Cheney rips Kerry claims of conservative values
Patriotism and economy play to crowds on tour
Vice President Dick Cheney, with granddaughter Kate and wife Lynne, waves to supporters in Lisbon, Ohio.
Charles P. Saus, Associated Press
WHEELING, W.Va. Embarking on his first serious campaigning of the 2004 election, Vice President Dick Cheney lit into Sen. John Kerry, the expected Democratic nominee, for trying to portray himself as the candidate of conservative values despite a voting record that Cheney said argued otherwise.
"Sometimes I think John Kerry develops amnesia when he gets out on the campaign trail," Cheney said mockingly in front of a booming and loyal crowd at a Republican Party rally here Saturday, before ticking off a list of Kerry's votes against bans on flag burning and late-term abortions, and in support of gun control.
"On these and a whole host of values," the vice president told the crowd, "John Kerry's votes and statements put him on the left and out of the mainstream and out of touch with the conservative values of the heartland."
Cheney played hard to patriotism and concerns about the economy on a Fourth of July weekend bus tour through the swing states of Ohio, Pennsylvania and West Virginia. Kerry embarked on a similar bus tour this weekend as the two campaigns vie for rural votes.
Resuming his position as the Bush campaign's attack dog, Cheney painted a Kerry presidency as one that would drag down the economy with higher taxes and tremble in the face of terrorism.

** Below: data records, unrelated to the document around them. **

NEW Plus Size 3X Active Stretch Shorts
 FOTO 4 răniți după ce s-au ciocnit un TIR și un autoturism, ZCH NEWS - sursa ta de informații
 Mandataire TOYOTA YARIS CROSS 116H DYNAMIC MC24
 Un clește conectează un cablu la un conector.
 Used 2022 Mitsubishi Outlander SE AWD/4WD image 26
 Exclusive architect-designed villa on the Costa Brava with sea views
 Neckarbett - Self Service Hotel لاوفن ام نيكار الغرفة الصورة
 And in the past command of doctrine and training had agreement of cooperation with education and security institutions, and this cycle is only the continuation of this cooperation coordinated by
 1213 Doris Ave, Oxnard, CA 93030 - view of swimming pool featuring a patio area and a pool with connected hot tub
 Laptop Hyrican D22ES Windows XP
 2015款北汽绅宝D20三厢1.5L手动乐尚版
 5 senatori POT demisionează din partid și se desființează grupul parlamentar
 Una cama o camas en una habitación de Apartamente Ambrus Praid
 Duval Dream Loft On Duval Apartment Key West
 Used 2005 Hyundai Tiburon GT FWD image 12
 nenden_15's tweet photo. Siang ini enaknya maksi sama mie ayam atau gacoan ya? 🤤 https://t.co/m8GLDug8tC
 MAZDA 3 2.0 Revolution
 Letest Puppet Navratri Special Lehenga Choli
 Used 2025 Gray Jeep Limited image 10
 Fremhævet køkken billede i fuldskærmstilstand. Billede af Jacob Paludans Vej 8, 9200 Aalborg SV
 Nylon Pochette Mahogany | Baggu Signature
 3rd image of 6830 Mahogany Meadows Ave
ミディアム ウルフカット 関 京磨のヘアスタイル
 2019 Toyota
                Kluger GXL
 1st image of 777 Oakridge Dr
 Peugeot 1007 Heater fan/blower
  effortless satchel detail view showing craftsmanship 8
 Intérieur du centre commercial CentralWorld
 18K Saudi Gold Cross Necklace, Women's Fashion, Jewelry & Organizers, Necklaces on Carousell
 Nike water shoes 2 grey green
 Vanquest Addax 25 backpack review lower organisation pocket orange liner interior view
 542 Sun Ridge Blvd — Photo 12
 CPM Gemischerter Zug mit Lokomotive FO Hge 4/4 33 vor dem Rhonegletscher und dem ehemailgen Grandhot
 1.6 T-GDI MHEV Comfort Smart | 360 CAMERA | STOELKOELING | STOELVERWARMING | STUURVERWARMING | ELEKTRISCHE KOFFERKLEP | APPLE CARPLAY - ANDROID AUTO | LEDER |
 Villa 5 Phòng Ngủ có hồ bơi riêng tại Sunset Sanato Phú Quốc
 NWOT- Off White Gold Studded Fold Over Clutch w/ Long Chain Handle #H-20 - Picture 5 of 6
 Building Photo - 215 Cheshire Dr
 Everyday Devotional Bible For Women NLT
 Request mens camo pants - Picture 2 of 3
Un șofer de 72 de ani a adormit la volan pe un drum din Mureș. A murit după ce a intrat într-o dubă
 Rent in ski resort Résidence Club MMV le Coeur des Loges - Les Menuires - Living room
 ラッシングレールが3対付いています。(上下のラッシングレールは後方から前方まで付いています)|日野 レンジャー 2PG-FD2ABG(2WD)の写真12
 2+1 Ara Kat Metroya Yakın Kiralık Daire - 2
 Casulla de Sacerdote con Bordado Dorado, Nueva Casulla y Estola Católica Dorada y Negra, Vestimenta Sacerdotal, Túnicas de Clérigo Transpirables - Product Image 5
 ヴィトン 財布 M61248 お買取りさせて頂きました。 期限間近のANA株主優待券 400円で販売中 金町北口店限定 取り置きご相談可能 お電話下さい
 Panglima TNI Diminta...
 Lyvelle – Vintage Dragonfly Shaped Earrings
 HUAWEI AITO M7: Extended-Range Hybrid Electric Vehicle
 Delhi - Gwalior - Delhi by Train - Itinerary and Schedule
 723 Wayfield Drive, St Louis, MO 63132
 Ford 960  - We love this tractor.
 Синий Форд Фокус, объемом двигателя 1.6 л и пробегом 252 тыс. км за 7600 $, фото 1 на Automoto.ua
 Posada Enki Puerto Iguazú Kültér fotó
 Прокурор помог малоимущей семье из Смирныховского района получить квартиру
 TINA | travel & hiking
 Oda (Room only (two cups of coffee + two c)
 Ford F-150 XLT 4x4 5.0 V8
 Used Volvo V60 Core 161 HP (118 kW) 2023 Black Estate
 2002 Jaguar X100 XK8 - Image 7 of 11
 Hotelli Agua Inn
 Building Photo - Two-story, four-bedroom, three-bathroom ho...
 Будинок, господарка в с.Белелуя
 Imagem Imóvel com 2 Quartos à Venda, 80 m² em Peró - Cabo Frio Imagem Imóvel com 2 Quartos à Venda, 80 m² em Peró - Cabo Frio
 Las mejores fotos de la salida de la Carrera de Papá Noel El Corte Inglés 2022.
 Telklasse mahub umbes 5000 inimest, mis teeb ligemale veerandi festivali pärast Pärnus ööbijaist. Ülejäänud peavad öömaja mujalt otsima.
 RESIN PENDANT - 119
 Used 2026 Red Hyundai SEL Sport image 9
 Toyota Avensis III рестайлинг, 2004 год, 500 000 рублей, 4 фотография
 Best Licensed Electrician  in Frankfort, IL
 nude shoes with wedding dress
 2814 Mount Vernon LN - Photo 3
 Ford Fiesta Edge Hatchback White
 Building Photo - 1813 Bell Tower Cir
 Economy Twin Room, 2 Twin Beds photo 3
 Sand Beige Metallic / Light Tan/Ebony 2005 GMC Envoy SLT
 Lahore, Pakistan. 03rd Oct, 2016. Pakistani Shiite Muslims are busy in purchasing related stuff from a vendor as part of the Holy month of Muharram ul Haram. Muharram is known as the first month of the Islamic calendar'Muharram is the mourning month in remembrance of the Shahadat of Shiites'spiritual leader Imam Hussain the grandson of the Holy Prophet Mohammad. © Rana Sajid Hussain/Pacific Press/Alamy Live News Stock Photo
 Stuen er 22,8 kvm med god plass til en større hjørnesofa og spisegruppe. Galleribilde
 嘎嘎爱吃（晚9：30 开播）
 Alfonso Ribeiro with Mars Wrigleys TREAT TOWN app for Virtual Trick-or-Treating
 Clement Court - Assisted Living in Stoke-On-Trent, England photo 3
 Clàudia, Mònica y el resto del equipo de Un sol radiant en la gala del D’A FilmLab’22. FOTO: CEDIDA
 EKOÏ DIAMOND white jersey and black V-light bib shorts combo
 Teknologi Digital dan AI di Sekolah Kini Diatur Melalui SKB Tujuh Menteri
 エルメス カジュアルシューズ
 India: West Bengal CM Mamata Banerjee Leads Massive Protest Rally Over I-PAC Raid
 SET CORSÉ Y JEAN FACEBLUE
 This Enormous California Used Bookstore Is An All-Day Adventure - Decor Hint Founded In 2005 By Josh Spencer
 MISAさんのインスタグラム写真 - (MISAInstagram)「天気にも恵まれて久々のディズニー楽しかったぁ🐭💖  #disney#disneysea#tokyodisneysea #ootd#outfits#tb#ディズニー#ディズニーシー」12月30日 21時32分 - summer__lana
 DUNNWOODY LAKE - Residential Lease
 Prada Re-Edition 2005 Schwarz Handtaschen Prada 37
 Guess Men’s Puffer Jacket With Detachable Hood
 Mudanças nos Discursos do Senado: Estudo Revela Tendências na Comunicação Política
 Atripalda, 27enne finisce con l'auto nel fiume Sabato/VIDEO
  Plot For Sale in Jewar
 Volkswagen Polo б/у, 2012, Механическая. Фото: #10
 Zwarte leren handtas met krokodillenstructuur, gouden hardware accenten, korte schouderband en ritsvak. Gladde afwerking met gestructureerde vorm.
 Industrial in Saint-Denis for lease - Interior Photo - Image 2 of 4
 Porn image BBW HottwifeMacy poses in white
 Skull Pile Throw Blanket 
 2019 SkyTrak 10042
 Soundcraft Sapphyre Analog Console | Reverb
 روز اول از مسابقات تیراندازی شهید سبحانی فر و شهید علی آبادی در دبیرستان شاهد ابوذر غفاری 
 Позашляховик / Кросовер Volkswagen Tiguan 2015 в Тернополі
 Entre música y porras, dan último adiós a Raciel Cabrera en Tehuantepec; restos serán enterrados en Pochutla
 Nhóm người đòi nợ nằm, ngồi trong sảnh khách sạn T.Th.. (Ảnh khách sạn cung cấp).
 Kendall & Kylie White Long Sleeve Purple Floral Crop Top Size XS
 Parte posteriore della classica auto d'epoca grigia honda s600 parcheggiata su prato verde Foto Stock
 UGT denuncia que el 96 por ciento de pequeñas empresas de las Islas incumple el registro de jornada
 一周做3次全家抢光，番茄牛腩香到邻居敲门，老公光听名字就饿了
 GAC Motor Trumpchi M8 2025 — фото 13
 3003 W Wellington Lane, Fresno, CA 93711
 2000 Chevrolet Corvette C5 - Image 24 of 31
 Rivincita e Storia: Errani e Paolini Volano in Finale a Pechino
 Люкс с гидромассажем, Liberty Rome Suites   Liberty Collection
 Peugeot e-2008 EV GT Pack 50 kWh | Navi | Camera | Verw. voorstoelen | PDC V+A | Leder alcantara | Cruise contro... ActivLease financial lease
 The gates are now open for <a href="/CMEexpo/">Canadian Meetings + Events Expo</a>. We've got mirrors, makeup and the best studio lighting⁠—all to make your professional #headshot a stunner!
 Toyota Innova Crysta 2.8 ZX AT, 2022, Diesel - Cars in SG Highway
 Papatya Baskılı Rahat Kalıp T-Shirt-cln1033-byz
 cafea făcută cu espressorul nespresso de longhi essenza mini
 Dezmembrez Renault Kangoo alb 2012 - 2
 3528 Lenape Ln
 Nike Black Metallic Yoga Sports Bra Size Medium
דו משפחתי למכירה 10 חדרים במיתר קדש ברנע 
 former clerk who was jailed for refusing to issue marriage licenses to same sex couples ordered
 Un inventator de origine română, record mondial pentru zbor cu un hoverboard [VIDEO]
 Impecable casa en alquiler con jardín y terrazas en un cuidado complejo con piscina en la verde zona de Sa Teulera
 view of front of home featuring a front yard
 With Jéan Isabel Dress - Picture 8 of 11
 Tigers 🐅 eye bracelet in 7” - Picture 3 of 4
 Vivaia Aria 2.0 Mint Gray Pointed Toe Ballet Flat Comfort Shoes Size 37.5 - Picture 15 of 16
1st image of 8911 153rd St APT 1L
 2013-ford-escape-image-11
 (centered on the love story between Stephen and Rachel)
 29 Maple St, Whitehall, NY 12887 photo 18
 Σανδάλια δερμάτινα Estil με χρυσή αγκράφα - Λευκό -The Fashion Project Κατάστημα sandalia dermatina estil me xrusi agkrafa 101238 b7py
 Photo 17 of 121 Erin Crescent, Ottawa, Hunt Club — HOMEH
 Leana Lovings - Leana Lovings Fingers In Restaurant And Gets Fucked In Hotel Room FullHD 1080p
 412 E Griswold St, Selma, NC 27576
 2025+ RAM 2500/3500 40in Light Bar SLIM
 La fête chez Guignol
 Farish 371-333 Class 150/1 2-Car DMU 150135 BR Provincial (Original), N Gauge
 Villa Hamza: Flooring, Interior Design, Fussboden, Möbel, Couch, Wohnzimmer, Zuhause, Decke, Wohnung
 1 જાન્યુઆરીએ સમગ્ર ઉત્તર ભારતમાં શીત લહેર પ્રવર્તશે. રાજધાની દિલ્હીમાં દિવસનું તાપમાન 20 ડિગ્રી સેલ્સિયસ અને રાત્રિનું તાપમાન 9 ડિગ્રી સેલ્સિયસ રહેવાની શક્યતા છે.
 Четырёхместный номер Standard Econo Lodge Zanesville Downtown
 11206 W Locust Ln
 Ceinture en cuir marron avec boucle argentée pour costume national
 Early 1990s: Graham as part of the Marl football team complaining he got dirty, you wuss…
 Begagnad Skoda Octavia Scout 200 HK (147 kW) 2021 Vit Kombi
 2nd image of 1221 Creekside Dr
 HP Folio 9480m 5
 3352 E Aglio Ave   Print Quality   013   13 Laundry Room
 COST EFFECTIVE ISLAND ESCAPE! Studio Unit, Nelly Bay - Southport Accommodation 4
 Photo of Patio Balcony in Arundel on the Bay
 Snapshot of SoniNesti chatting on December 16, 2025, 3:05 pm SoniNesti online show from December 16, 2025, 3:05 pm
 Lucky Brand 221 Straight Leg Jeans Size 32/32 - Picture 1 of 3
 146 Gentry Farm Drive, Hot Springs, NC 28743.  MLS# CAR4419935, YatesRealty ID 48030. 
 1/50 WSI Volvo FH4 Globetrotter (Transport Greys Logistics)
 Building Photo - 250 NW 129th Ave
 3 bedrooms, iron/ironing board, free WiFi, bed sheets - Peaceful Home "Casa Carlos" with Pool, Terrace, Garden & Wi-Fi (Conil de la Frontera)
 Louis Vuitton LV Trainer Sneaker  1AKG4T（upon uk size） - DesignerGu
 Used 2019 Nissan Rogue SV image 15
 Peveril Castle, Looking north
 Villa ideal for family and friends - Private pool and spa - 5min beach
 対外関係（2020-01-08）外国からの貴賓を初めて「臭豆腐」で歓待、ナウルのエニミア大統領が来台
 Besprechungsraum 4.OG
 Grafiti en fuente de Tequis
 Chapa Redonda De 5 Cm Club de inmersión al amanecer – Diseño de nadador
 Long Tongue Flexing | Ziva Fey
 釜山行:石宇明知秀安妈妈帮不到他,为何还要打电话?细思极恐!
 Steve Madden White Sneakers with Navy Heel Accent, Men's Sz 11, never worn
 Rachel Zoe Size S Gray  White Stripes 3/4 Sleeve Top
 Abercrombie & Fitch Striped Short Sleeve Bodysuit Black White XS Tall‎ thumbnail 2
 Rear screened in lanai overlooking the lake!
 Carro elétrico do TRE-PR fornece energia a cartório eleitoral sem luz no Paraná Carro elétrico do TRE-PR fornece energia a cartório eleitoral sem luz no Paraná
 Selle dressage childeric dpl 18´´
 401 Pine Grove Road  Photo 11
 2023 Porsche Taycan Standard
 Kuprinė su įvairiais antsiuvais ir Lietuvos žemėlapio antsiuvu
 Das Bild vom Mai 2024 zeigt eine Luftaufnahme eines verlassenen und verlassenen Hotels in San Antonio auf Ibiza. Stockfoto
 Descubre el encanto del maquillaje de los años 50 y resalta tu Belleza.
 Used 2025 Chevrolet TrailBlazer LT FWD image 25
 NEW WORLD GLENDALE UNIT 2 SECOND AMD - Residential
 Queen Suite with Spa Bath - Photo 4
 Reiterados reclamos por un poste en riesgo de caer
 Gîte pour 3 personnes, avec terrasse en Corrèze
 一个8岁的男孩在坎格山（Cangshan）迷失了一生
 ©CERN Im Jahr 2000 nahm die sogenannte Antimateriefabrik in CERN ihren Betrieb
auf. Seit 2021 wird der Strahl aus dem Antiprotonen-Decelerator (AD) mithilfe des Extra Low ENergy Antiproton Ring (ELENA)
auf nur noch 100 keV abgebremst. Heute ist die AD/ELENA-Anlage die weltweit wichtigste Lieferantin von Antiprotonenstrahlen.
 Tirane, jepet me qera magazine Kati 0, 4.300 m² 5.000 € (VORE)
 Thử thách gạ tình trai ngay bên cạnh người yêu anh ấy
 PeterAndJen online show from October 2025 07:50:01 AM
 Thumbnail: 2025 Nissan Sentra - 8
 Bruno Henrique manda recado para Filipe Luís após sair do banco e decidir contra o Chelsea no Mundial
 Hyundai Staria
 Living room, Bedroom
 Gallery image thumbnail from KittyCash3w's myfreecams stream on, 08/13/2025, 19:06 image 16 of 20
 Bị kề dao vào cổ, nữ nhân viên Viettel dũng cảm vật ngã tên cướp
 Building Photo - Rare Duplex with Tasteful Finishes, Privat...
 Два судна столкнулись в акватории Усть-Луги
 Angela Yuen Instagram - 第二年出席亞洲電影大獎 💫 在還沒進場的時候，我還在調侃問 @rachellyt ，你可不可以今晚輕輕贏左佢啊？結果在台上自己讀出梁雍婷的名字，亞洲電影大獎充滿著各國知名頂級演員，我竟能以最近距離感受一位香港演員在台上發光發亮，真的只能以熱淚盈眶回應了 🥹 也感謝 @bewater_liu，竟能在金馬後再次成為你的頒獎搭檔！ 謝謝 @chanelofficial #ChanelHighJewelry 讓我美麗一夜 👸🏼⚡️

"These are not times for leaders who shift with the political winds, saying one thing one day and another the next," Cheney told the crowds here and at another rally in Parma, Ohio, a suburb of Cleveland. "We need a commander-in-chief with clear vision and steady determination, and that's just what we have in George W. Bush."
A day after the government reported that recent months of job growth had slowed in June, Cheney argued that tax cuts had set the economy on pattern of increasing employment. And after weeks of criticism that the administration had led the nation into war based on unsubstantiated links between Iraq and the attacks of Sept. 11, he defended the American-led actions in Afghanistan and Iraq as fights against terrorism and tyranny.
"Terrorist attacks are not caused by the use of strength, they are invited by the perception of weakness," he declared, replaying a line that has become standard in his speeches over the past several weeks.
The Kerry campaign responded to Cheney's attack by emphasizing Kerry's military service. "Considering Dick Cheney got five deferments to avoid seeing combat, he's the last person who should be questioning a decorated Vietnam veteran on his allegiance to the flag," said Phil Singer, a spokesman for the Kerry campaign. "These broken-record attacks serve no purpose other than to divide the country."